System Design & Architecture

Saga Pattern for Distributed Transactions in Microservices

When a single business operation spans multiple microservices, you lose the safety net of database transactions. A monolith can wrap an order placement, payment charge, and inventory reservation in one ACID transaction — if any step fails, everything rolls back automatically. In a microservices architecture, each service owns its own database, so there is no single transaction boundary that covers the entire operation.

The saga pattern solves this by breaking a distributed transaction into a sequence of local transactions, each within a single service. If one step fails, the saga executes compensating transactions to undo the work completed by previous steps. Instead of an atomic rollback, you get an explicit undo sequence that achieves the same business outcome.

This deep dive covers both saga implementation styles — choreography and orchestration — with production code, compensation design, failure handling, and the trade-offs that determine which approach fits your system. Understanding transaction isolation within a single database provides useful context for why distributed transactions require a fundamentally different approach.

Why Traditional Transactions Do Not Work Across Services

In a monolithic application, you rely on ACID transactions to guarantee consistency. A single database connection wraps multiple operations in a transaction — either all succeed or all roll back.
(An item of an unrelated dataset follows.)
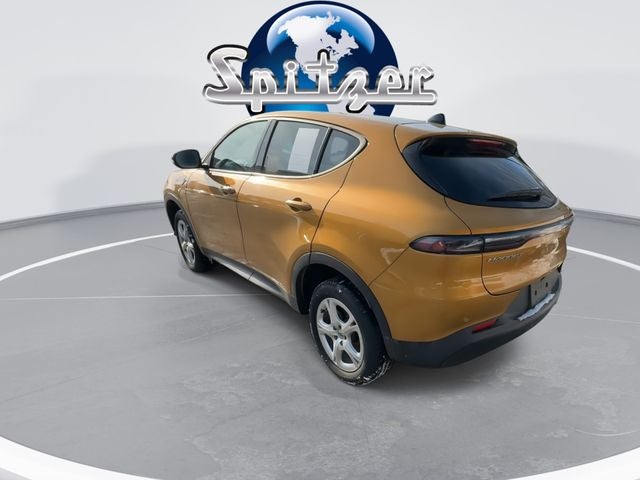 2024 Dodge Hornet GT Plus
# Monolith: single transaction across all operations
def place_order(order_data):
    with db.transaction():
        order = create_order(order_data)
        charge_payment(order.total, order.customer_id)
        reserve_inventory(order.items)
        # If any step throws, the entire transaction rolls back

In microservices, each operation runs against a different database owned by a different service. There is no shared transaction coordinator. Two-phase commit (2PC) exists as a protocol for distributed transactions, but it has severe practical limitations:

  • It blocks all participating services until every service confirms — a single slow or failed service blocks the entire transaction
  • It requires all services to support the XA protocol, which many modern databases and message brokers do not
  • It creates tight coupling between services, undermining the independence that motivated microservices in the first place

The saga pattern takes a different approach entirely: instead of trying to make multiple services behave like one transaction, it embraces eventual consistency and uses compensating actions to handle failures.

How the Saga Pattern Works

A saga consists of a series of steps, where each step is a local transaction within a single service. Each step also has a corresponding compensating transaction — an operation that semantically undoes the effect of the original step.
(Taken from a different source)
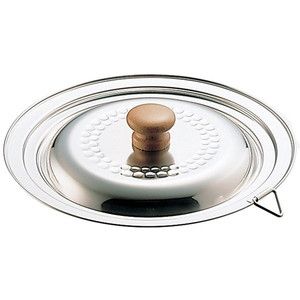 鍋ふた・フライパンふた・取っ手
Consider an order placement saga with three services:

Happy path (all steps succeed):

  1. Order Service: Create order with status “pending”
  2. Payment Service: Charge the customer’s payment method
  3. Inventory Service: Reserve the ordered items
  4. Order Service: Update order status to “confirmed”

Failure path (inventory reservation fails):

  1. Order Service: Create order with status “pending” ✓
  2. Payment Service: Charge the customer ✓
  3. Inventory Service: Reserve items ✗ (out of stock)
  4. Compensation: Payment Service refunds the charge
  5. Compensation: Order Service marks order as “cancelled”
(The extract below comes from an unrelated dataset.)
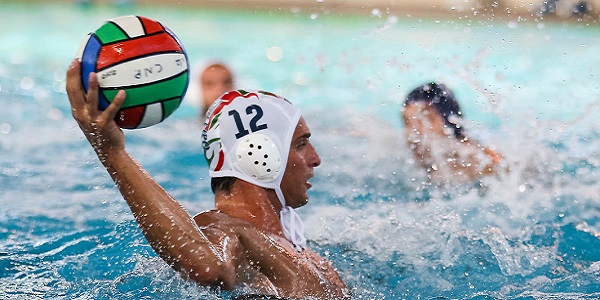 Pallanuoto: il Posillipo vince a Roma, girone di andata chiuso al quarto posto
The compensating transactions run in reverse order, undoing each completed step. This achieves the same business outcome as a rollback, but through explicit operations rather than database-level undo mechanics.

Choreography-Based Sagas

In the choreography approach, each service listens for events and decides independently what to do next. There is no central coordinator — services react to events published by other services.

Event Flow

Order Service publishes → "OrderCreated"
    ↓
Payment Service listens, charges payment, publishes → "PaymentCompleted"
    ↓
Inventory Service listens, reserves items, publishes → "InventoryReserved"
    ↓
Order Service listens, confirms order, publishes → "OrderConfirmed"

Implementation

# order_service.py
from kafka import KafkaProducer, KafkaConsumer
import json

producer = KafkaProducer(
    bootstrap_servers='kafka:9092',
    value_serializer=lambda v: json.dumps(v).encode()
)

def create_order(order_data: dict) -> dict:
    order = save_order_to_db(order_data, status="pending")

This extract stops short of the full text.